Super cushioned running shoes are all the rage. But is it foolproof?

CNA/THE NEW YORK TIMES – Anyone who runs or spectates at races has probably noticed that stacked, generously cushioned running shoes have become almost ubiquitous.

But running in those thickly cushioned shoes could affect a runner’s form in sometimes surprising ways, according to a series of new studies of maximalist running shoes and recreational athletes.

The studies, among the first to examine the biomechanics of ordinary runners wearing super-cushy shoes, find that some of them pound harder and pronate more than in standard shoes.

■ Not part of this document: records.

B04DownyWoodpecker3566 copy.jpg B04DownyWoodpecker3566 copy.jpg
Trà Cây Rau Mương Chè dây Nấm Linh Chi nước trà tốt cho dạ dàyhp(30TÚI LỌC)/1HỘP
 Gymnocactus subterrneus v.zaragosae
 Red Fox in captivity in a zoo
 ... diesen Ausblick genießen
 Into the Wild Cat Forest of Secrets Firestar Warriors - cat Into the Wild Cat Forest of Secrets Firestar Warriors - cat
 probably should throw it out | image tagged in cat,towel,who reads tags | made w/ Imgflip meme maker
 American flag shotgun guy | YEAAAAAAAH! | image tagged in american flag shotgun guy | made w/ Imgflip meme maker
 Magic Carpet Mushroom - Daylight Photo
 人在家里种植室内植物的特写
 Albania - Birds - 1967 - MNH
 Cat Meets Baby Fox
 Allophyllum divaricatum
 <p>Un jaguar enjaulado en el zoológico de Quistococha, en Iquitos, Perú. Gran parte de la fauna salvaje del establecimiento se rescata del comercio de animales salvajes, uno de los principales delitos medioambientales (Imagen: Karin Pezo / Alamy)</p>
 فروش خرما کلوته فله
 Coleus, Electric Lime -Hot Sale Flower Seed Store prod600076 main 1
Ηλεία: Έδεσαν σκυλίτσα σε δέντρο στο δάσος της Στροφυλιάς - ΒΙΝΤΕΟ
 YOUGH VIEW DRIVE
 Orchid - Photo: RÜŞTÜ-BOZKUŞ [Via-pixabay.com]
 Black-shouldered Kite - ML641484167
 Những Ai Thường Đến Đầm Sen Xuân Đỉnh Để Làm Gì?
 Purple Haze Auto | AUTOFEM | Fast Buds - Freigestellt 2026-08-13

The results have implications for runners’ comfort, injury risks and perhaps for our thinking about whether the increasingly popular fat-soled models are right for us.

Thickly cushioned running shoes have largely supplanted the minimalist, barefoot-style shoes that many of us wore a few years ago.

Those light, barely cushioned models were expected to nudge us into running in a more natural way, reducing the risk of injuries.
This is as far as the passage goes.